Your task
The answer must be an exact transcription of all the records below.

(Scraped caption text data)
== Segment start ==
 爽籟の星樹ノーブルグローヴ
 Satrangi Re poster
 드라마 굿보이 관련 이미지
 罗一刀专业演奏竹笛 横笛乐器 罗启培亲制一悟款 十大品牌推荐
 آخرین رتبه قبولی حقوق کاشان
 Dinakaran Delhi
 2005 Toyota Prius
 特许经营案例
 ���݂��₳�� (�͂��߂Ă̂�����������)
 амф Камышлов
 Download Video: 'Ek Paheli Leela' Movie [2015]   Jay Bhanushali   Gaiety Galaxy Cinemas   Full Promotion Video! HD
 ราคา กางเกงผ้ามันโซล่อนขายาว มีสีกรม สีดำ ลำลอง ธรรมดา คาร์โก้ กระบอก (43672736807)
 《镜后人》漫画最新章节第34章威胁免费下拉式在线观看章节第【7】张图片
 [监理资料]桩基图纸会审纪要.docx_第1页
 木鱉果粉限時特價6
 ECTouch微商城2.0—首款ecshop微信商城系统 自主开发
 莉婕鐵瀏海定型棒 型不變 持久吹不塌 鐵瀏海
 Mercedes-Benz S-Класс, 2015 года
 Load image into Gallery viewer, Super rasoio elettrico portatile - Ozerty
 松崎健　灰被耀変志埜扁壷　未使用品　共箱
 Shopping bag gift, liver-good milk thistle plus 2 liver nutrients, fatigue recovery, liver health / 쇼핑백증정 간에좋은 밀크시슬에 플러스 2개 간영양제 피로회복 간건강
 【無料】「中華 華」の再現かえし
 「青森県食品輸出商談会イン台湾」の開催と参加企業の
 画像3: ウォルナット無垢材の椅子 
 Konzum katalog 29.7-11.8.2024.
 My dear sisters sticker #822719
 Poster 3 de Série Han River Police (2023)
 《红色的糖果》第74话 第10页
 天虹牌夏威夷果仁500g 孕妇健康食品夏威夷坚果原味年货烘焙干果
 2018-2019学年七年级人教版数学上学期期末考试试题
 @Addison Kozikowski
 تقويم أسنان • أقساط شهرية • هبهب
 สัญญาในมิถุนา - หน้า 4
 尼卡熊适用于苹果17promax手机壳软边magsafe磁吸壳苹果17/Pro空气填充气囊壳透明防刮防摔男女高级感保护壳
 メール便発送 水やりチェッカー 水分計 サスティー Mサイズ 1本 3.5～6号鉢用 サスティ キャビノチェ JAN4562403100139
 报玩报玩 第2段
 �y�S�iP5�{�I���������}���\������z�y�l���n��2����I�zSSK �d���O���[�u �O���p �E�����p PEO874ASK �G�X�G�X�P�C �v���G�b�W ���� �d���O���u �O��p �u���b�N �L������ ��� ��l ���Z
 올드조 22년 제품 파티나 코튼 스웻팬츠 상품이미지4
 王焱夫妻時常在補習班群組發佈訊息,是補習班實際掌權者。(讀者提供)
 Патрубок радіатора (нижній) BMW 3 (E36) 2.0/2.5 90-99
== Segment end ==
Solution to the problem
 爽籟の星樹ノーブルグローヴ
 Satrangi Re poster
 드라마 굿보이 관련 이미지
 罗一刀专业演奏竹笛 横笛乐器 罗启培亲制一悟款 十大品牌推荐
 آخرین رتبه قبولی حقوق کاشان
 Dinakaran Delhi
 2005 Toyota Prius
 特许经营案例
 ���݂��₳�� (�͂��߂Ă̂�����������)
 амф Камышлов
 Download Video: 'Ek Paheli Leela' Movie [2015]   Jay Bhanushali   Gaiety Galaxy Cinemas   Full Promotion Video! HD
 ราคา กางเกงผ้ามันโซล่อนขายาว มีสีกรม สีดำ ลำลอง ธรรมดา คาร์โก้ กระบอก (43672736807)
 《镜后人》漫画最新章节第34章威胁免费下拉式在线观看章节第【7】张图片
 [监理资料]桩基图纸会审纪要.docx_第1页
 木鱉果粉限時特價6
 ECTouch微商城2.0—首款ecshop微信商城系统 自主开发
 莉婕鐵瀏海定型棒 型不變 持久吹不塌 鐵瀏海
 Mercedes-Benz S-Класс, 2015 года
 Load image into Gallery viewer, Super rasoio elettrico portatile - Ozerty
 松崎健　灰被耀変志埜扁壷　未使用品　共箱
 Shopping bag gift, liver-good milk thistle plus 2 liver nutrients, fatigue recovery, liver health / 쇼핑백증정 간에좋은 밀크시슬에 플러스 2개 간영양제 피로회복 간건강
 【無料】「中華 華」の再現かえし
 「青森県食品輸出商談会イン台湾」の開催と参加企業の
 画像3: ウォルナット無垢材の椅子 
 Konzum katalog 29.7-11.8.2024.
 My dear sisters sticker #822719
 Poster 3 de Série Han River Police (2023)
 《红色的糖果》第74话 第10页
 天虹牌夏威夷果仁500g 孕妇健康食品夏威夷坚果原味年货烘焙干果
 2018-2019学年七年级人教版数学上学期期末考试试题
 @Addison Kozikowski
 تقويم أسنان • أقساط شهرية • هبهب
 สัญญาในมิถุนา - หน้า 4
 尼卡熊适用于苹果17promax手机壳软边magsafe磁吸壳苹果17/Pro空气填充气囊壳透明防刮防摔男女高级感保护壳
 メール便発送 水やりチェッカー 水分計 サスティー Mサイズ 1本 3.5～6号鉢用 サスティ キャビノチェ JAN4562403100139
 报玩报玩 第2段
 �y�S�iP5�{�I���������}���\������z�y�l���n��2����I�zSSK �d���O���[�u �O���p �E�����p PEO874ASK �G�X�G�X�P�C �v���G�b�W ���� �d���O���u �O��p �u���b�N �L������ ��� ��l ���Z
 올드조 22년 제품 파티나 코튼 스웻팬츠 상품이미지4
 王焱夫妻時常在補習班群組發佈訊息,是補習班實際掌權者。(讀者提供)
 Патрубок радіатора (нижній) BMW 3 (E36) 2.0/2.5 90-99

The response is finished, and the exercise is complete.